Outro aspecto positivo
diz respeito exatamente à "desoligarquização" dos sistemas políticos
locais, posto que a competição eleitoral aumenta gradativamente por todo
o território brasileiro. A perda do monopólio do poder municipal é
sentida em todas as regiões do país, assim como em municípios de todos
os tamanhos. Ainda que se possa afirmar que a simples multiplicação de
partidos não significa necessariamente a diversos grupos competindo,
dado que um ou poucos grupos podem dominar as diferentes legendas (e
isto realmente ocorre com certa frequência), não se pode negligenciar
que a existência de instituições partidárias formais influenciam
sobremaneira na estabilidade dos acordos entre as lideranças. Dito de
outra forma, é fato que um político local pode controlar vários
partidos, mas o seu domínio estará muito mais suscetível a defecções em
sistemas que haja saídas institucionais para os que não cooperarem.
Portanto, a simples existência de partidos organizados localmente
colocam o poder dos antigos "mandões" em xeque.
Há diversas formas de se
mensurar a competitividade dos sistemas políticos, dos mais simples aos
mais complexos indicadores, e em todos eles os sistemas políticos
locais apresentam maior competitividade. Destarte, há uma enorme
proliferação de partidos políticos no nível municipal nas últimas duas
décadas, cresce em todas as regiões e em todos os tamanhos de
municípios. Há, portanto, uma enorme competitividade institucional
partidária nos municípios brasileiros. Ainda que estes partidos possam
ser considerados "legendas de aluguel" pelos mais pessimistas,
representam importante avanço na quebra do monopólio oligárquico no
Brasil, o que possibilita que novos grupos políticos possam surgir e se
institucionalizar em sistemas muito fechados até bem recentemente.

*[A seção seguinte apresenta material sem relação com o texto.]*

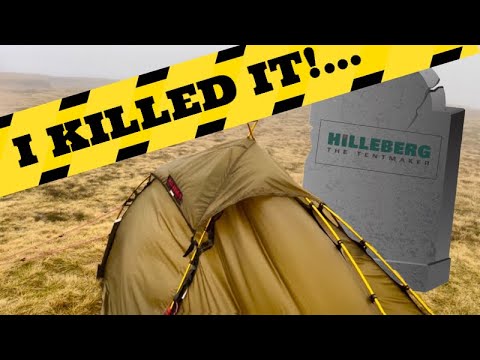 I KILLED MY HILLEBERG SOULO!!! (My Fault)
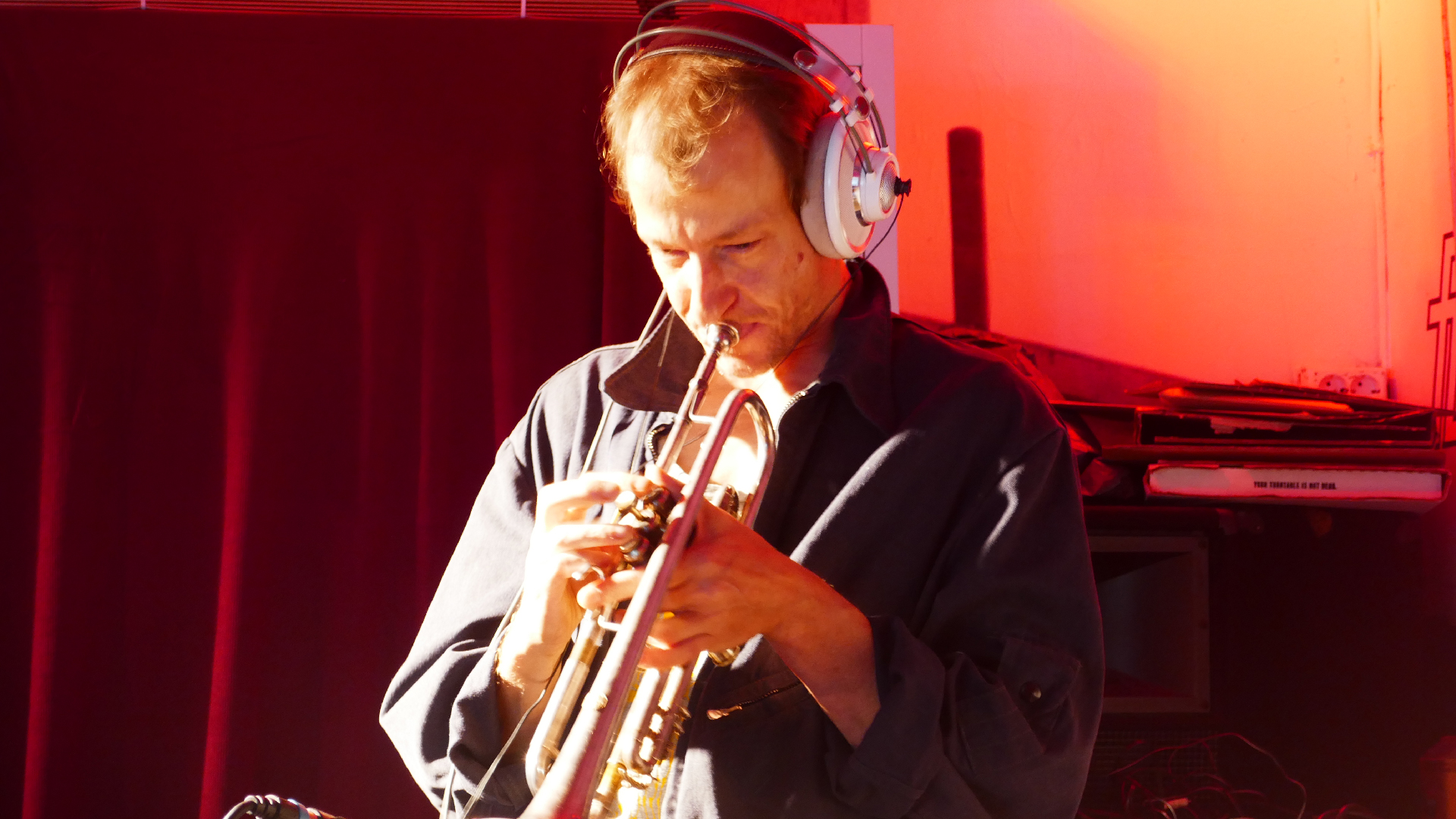 2026-07-08 Soundcheck 3 Tape Mix feat. Daniel Leber (Trompete) (Vocoder - Tape Mix)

Em resumo, podemos afirmar que do início da década de 1990 até hoje a política municipal sofreu grandes alterações:
1) Aumentou
significativamente o número de competidores nos municípios pela
nacionalização do sistema partidário, principalmente, nas eleições
proporcionais (para vereadores);
2) O fator institucional
(sistema eleitoral majoritário) é o maior limitador da competição
eleitoral para prefeitos, no que concerne ao número de competidores,
muito maior do que fatores socioeconômicos dos municípios, esta
conclusão baseia-se na comparação entre as variações da competitividade
dos sistemas eleitorais - majoritário e proporcional, muito maior neste
último em todos os municípios.
3) Nas eleições
proporcionais, a competição, menos restringida pela variável
institucional, está associada a fatores econômicos tais como
industrialização, taxa de analfabetismo, PIB, profissionalização da
administração municipal e estrutura de comunicação.
4) Diante de
pulverização da competição, o domínio dos prefeitos sobre os eleitores
vê-se diminuído dado os riscos de concentrar recursos nas eleições
nacionais e perder o apoio ao próprio grupo nas eleições seguintes.
Destarte, ainda que haja
diversas formas de se mensurar a competitividade dos sistemas
políticos, dos mais simples aos mais complexos indicadores, em todos
eles os sistemas políticos locais apresentam maior competitividade hoje
do que há 25 anos. E uma evidência cabal desse processo é o fato que,
nas eleições de 2006 e 2010, os candidatos do PT e PSDB tiveram em média
menos (ou igual) votos nos municípios em que administravam a prefeitura
do que nas administradas por seus adversários. Compreender o Brasil de
hoje é uma tarefa impossível sem analisar a política local, ainda que
seja para afirmar que ela pouco trará influência nas eleições
presidenciais.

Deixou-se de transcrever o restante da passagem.